§ Input data:

==*==

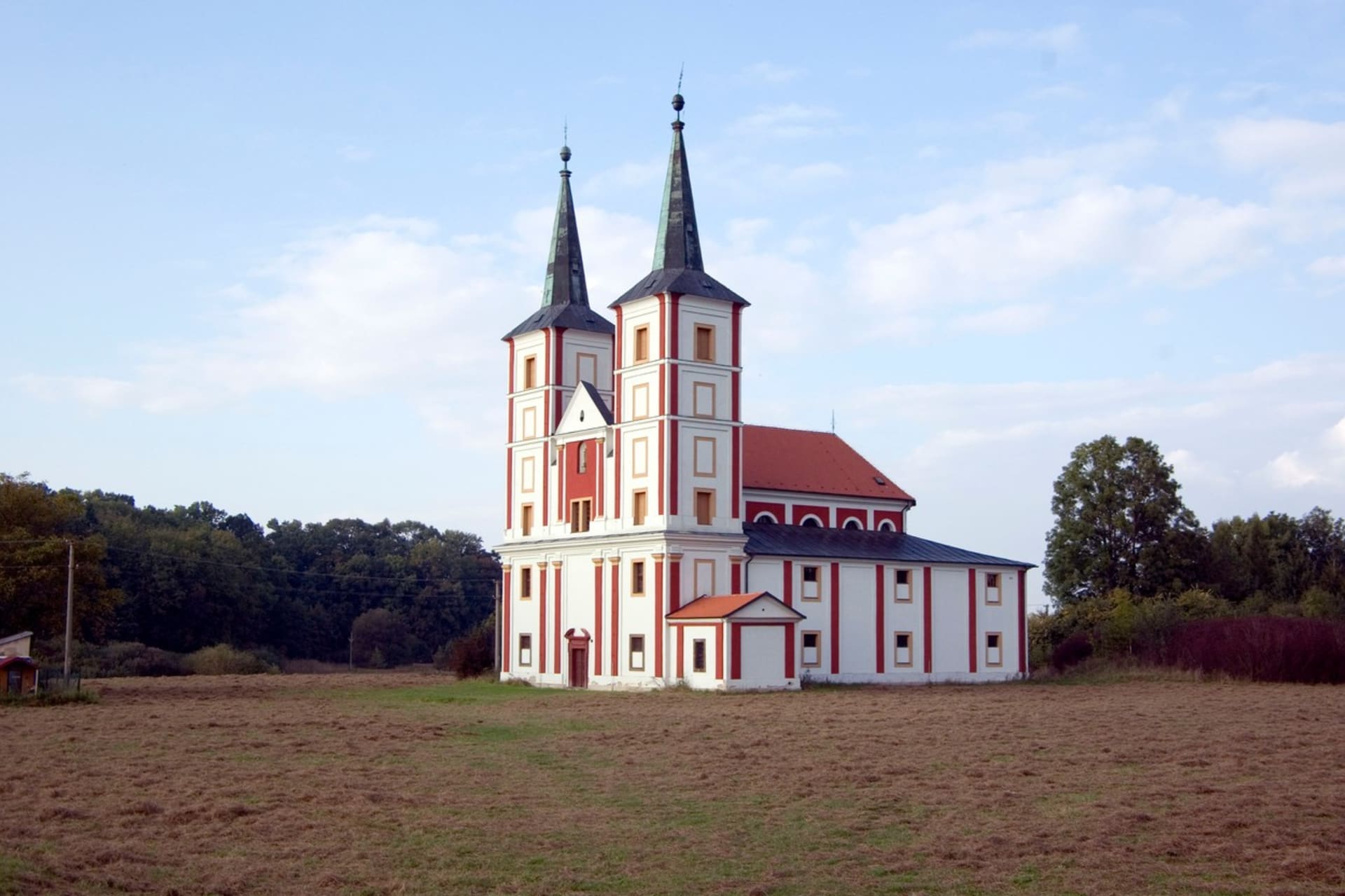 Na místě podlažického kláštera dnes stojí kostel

==*==

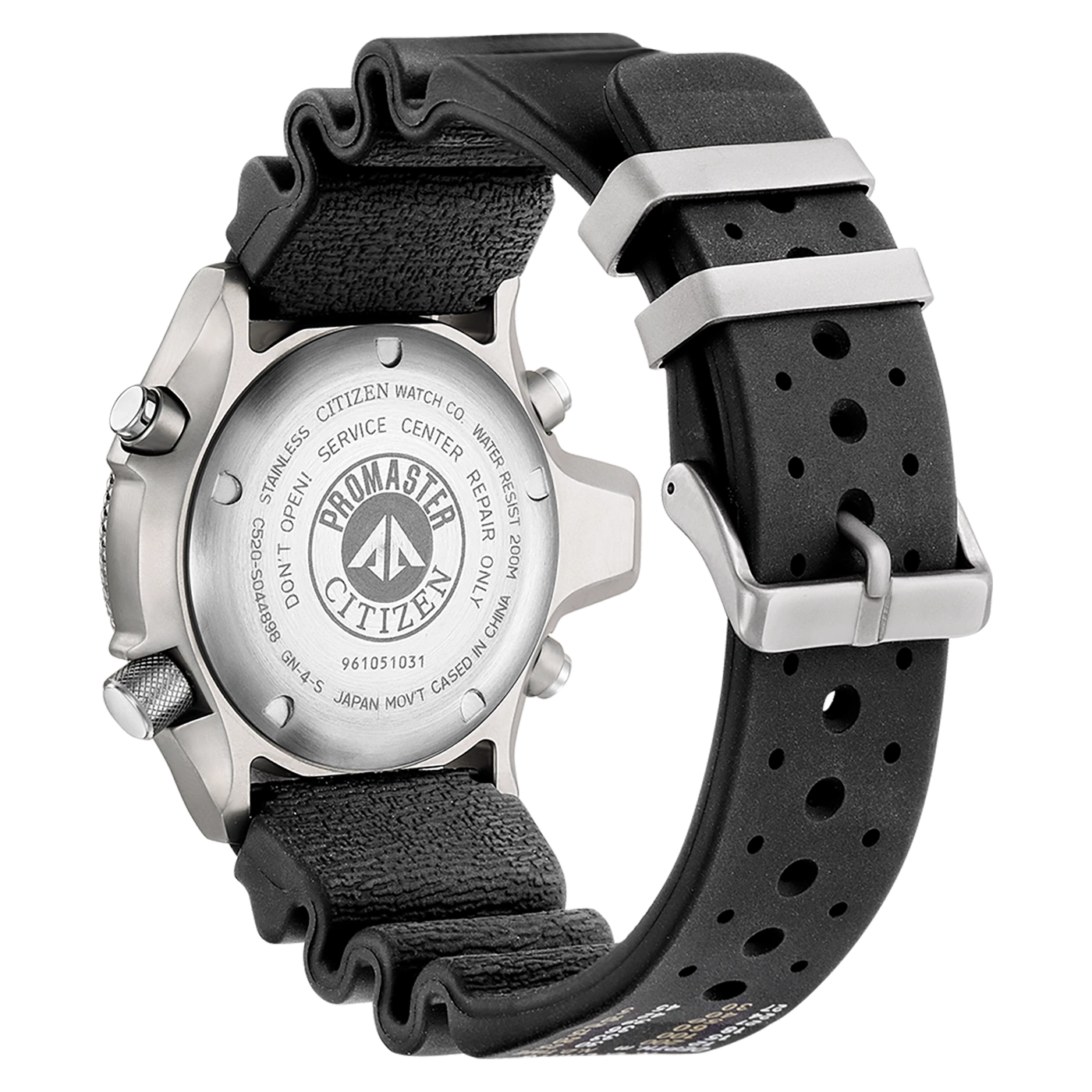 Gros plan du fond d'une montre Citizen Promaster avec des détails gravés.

==*==

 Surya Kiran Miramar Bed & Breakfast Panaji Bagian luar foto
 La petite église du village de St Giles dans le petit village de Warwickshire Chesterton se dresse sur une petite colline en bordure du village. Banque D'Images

==*==

Take the line above containing "Surya Kiran Miramar", the line containing "La petite église", and all lines in between, and copy them exactly without anything else.

§ Answer section:
 Surya Kiran Miramar Bed & Breakfast Panaji Bagian luar foto
 La petite église du village de St Giles dans le petit village de Warwickshire Chesterton se dresse sur une petite colline en bordure du village. Banque D'Images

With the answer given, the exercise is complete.